What you need to do —
The answer is a stretch of the material below, returned exactly: the line containing "NWT Talbots Interlock Half Zip Pullover Top", the line containing "Mezzanin seng 90x200", and all lines between.

Data under study —
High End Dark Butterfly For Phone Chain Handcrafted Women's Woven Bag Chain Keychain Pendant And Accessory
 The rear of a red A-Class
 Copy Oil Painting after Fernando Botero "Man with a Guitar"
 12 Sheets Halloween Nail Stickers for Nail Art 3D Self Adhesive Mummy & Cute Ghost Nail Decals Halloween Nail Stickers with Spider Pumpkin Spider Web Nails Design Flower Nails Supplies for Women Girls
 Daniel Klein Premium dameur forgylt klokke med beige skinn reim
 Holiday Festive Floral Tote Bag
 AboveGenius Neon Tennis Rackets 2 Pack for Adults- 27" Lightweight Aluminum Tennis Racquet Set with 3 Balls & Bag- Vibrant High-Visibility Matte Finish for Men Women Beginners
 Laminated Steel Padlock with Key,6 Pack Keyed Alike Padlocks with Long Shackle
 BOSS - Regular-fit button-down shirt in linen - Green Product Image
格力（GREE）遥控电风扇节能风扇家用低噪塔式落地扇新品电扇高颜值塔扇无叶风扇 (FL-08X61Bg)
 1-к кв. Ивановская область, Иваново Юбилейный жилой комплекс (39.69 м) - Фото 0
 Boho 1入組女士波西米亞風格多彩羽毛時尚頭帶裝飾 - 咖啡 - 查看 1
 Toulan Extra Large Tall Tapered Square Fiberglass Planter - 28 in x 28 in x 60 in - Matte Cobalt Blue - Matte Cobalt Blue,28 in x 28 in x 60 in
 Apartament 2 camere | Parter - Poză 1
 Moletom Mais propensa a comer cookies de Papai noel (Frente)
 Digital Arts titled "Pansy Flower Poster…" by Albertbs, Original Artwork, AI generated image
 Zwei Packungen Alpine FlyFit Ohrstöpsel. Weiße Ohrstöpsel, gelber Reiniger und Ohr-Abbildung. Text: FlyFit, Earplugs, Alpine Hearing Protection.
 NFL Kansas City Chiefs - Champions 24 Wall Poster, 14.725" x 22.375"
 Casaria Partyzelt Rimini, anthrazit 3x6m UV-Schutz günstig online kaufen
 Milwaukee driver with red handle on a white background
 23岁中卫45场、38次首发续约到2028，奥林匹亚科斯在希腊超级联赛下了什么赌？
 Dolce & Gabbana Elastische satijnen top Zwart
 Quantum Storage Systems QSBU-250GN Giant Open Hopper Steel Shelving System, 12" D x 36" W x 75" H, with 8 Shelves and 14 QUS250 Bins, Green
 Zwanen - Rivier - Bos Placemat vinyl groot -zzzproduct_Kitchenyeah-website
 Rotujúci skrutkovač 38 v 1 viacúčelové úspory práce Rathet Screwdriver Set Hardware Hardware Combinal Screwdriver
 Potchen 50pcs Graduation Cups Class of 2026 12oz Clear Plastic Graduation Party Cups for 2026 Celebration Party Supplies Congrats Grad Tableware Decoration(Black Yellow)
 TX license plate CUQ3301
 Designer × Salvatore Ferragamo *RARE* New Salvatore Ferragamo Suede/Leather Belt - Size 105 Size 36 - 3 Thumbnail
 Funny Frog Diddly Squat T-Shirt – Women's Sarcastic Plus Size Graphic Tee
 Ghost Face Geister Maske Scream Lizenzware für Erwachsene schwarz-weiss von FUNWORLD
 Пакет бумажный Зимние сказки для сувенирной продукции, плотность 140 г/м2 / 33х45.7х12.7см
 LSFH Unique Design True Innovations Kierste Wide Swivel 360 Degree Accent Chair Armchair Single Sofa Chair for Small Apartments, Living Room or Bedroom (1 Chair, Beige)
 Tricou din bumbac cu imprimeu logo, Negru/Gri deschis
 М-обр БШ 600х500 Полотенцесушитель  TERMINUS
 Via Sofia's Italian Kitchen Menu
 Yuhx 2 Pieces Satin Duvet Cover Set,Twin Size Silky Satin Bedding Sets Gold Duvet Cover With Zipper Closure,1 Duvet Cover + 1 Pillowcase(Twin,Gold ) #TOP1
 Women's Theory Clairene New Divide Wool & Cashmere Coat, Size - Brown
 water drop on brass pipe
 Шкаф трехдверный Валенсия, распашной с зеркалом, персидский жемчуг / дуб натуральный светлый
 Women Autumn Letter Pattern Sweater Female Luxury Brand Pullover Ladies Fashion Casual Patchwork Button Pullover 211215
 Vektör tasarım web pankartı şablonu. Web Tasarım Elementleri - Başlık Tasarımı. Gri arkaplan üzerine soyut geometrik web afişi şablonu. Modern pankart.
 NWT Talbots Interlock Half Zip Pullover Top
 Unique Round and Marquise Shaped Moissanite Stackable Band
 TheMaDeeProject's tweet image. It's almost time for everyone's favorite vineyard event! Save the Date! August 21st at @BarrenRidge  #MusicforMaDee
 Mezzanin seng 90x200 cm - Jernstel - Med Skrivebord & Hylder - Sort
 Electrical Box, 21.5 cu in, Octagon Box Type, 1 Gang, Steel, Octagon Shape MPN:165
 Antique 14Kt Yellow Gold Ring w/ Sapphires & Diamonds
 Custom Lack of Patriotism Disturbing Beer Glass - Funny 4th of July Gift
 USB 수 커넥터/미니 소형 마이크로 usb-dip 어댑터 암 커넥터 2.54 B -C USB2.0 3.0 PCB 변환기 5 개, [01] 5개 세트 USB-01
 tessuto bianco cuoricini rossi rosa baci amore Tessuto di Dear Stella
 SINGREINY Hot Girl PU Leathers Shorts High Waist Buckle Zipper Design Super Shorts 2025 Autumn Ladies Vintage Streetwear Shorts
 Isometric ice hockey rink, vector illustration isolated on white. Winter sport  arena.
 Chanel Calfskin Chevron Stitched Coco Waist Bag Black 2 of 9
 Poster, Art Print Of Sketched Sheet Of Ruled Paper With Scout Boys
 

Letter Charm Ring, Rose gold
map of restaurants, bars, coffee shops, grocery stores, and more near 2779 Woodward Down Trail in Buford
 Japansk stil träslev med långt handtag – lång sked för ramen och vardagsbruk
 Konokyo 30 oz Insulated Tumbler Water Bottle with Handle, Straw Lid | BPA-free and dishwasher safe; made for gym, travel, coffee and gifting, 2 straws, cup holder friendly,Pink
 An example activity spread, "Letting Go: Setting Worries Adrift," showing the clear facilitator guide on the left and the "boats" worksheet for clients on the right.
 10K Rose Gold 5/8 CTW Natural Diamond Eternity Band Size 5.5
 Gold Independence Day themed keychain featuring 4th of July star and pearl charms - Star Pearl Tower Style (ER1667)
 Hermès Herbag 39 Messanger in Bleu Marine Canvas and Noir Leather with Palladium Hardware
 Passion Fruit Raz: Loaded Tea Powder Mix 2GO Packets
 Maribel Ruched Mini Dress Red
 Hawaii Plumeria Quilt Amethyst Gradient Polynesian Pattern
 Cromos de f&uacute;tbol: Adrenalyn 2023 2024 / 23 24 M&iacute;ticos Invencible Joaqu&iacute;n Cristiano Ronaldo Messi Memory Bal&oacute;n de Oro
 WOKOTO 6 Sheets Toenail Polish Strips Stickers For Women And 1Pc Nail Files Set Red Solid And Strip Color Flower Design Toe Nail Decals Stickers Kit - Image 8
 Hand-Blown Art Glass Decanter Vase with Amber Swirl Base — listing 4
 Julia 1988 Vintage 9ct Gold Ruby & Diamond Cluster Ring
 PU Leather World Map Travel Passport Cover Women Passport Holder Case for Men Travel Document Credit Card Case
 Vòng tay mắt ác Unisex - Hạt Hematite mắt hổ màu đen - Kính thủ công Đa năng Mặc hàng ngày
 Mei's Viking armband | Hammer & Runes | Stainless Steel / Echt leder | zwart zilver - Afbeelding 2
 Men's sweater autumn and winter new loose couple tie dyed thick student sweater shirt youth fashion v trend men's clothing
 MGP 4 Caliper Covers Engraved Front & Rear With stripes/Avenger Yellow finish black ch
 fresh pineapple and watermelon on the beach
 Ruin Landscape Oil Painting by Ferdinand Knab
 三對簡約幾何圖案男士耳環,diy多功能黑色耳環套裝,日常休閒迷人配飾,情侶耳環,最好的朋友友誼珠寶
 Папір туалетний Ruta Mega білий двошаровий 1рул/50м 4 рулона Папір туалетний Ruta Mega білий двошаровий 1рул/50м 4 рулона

Result —
 NWT Talbots Interlock Half Zip Pullover Top
 Unique Round and Marquise Shaped Moissanite Stackable Band
 TheMaDeeProject's tweet image. It's almost time for everyone's favorite vineyard event! Save the Date! August 21st at @BarrenRidge  #MusicforMaDee
 Mezzanin seng 90x200 cm - Jernstel - Med Skrivebord & Hylder - Sort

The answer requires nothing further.